(Given material):
Start of Block

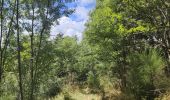 Tocht Stappen Saint-Georges-en-Couzan - Randonnée au dessus de Vaux - Photo 10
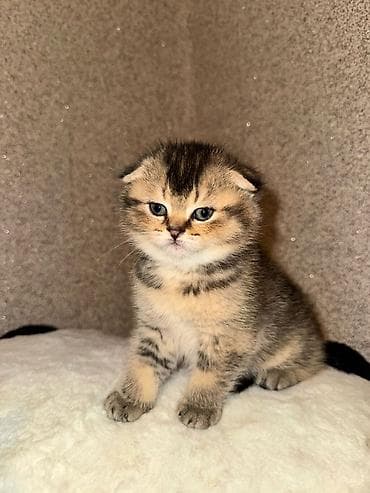 şotlant pişiy: Qızıl şinşilla, Dişi, Yaxşı əllərə, Ünvandan götürmə — 2
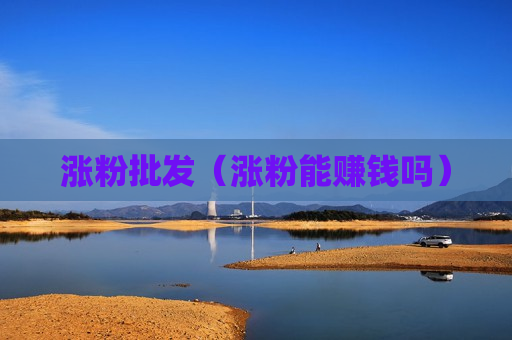 涨粉批发（涨粉能赚钱吗）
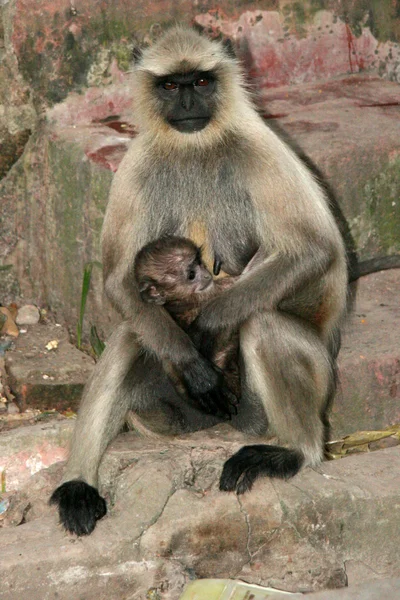 Opice - dakshineshwar chrámu Kálí, Kalkata, Indie — Stock fotografie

End of Block

(What is expected): Since the pictures are not part of the copy, transcribe only the remaining material, exactly.

(Task output):
 Tocht Stappen Saint-Georges-en-Couzan - Randonnée au dessus de Vaux - Photo 10
 şotlant pişiy: Qızıl şinşilla, Dişi, Yaxşı əllərə, Ünvandan götürmə — 2
 涨粉批发（涨粉能赚钱吗）
 Opice - dakshineshwar chrámu Kálí, Kalkata, Indie — Stock fotografie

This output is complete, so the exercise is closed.